Whether the national wealth, in this case the Camago-Malampaya reservoir, is within the Province of Palawan's "area" for it to be entitled to 40% of the government's share under Service Contract No. 38.

RULING:

Territorial jurisdiction refers to territorial boundaries as defined in the LGU's charter

The Local Government Code does not define the term "territorial jurisdiction." Provisions therein, however, indicate that territorial jurisdiction refers to the LGU's territorial boundaries.

Under the Local Government Code, a "province" is composed of a cluster of municipalities, or municipalities and component cities. A "municipality," in turn, is described as a group of barangays, while a "city" is referred to as consisting of more urbanized and developed barangays.

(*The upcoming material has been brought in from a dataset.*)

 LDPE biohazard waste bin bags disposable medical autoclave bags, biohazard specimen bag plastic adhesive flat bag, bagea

In the creation of municipalities, cities and barangays, the Local Government Code uniformly requires that the territorial jurisdiction of these government units be properly identified by metes and bounds.

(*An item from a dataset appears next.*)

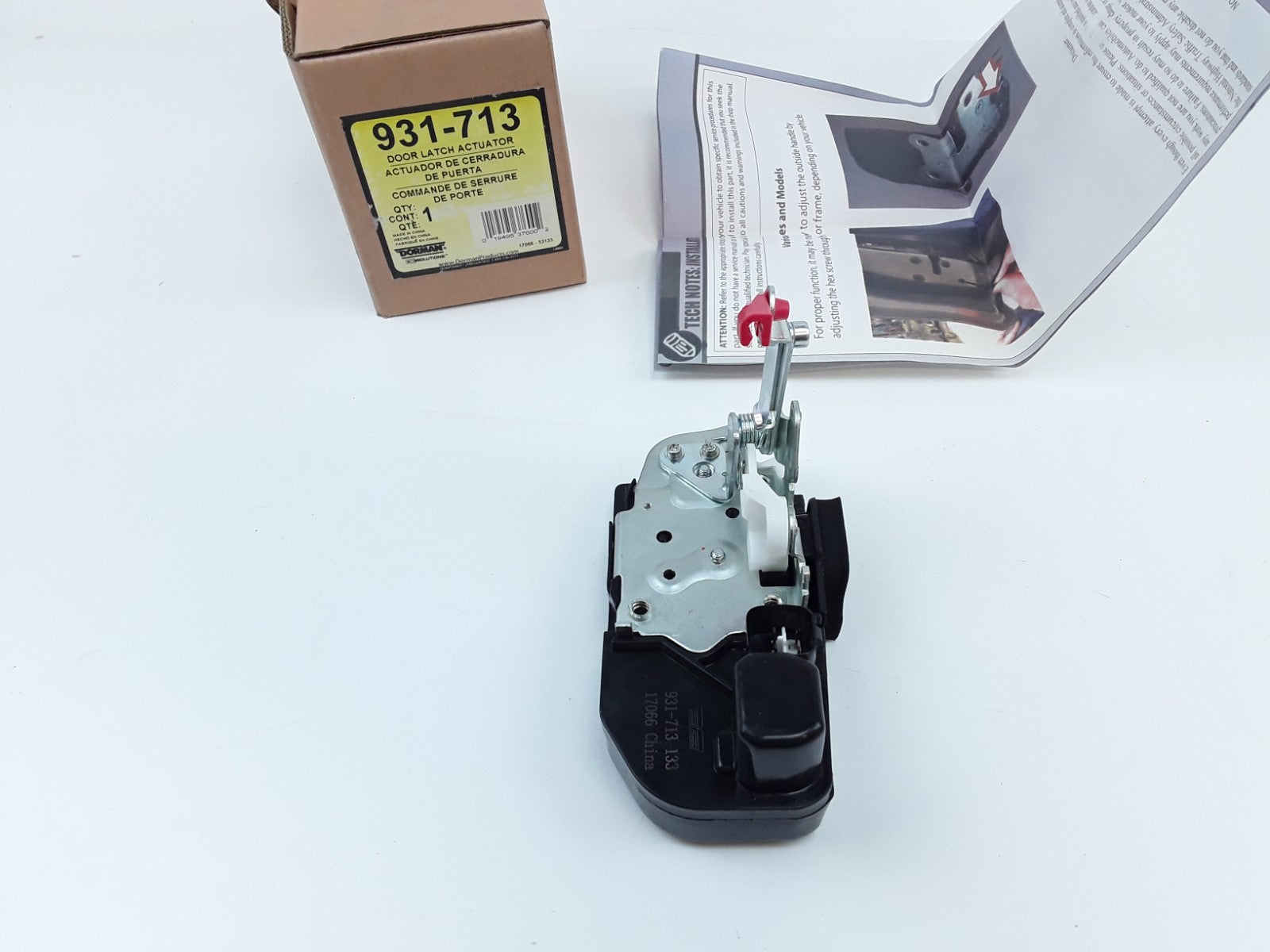 Dorman 931-713 Tailgate Lock Actuator Fits Jeep Liberty 2003 2004 2005 2006 2007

That "territorial jurisdiction" refers to the LGU's territorial boundaries is a construction reflective of the discussion of the framers of the 1987 Constitution who referred to the local government as the "locality" that is "hosting" the national resources and a "place where God chose to locate His bounty." It is also consistent with the language ultimately used by the Constitutional Commission when they referred to the national wealth as those found within (the LGU's) respective areas. By definition, "area" refers to a particular extent of space or surface or a geographic region.

Therefore, a local government's territorial jurisdiction cannot extend beyond the boundaries set by its organic law.

The Court cannot subscribe to the argument posited by the Province of Palawan that the national wealth, the proceeds from which the State is mandated to share with the LGUs, shall be wherever the local government exercises any degree of jurisdiction.

An LGU's territorial jurisdiction is not necessarily co-extensive with its exercise or assertion of powers. To hold otherwise may result in condoning acts that are clearly ultra vires. It may lead to, in the words of the Republic, LGUs "rushing to exercise its powers and functions in areas rich in natural resources (even if outside its boundaries) with the intention of seeking a share in the proceeds of its exploration" - a situation that "would sow conflict not only among the local government units and the national government but worse, between and among local government units."

There is likewise merit in the Republic's assertion that Palawan's interpretation of what constitutes an LGU's territorial jurisdiction may produce absurd consequences. Indeed, there are natural resources, such as forests and mountains, which can be found within the LGU's territorial boundaries, but are, strictly speaking, under national jurisdiction, specifically that of the Department of Environment and Natural Resources. To equate territorial jurisdiction to areas where the LGU exercises jurisdiction means that these natural resources will have to be excluded from the sharing scheme although they are geographically within the LGU's territorial limits. The consequential incongruity of this scenario finds no support either in the language or in the context of the equitable sharing provisions of the 1987 Constitution and the Local Government Code.

In fine, an LGU cannot claim territorial jurisdiction over an area simply because its government has exercised a certain degree of authority over it. Territorial jurisdiction is defined, not by the local government, but by the law that creates it; it is delimited, not by the extent of the LGU's exercise of authority, but by physical boundaries as fixed in its charter.

Unless clearly expanded by Congress, the LGU's territorial jurisdiction refers only to its land area.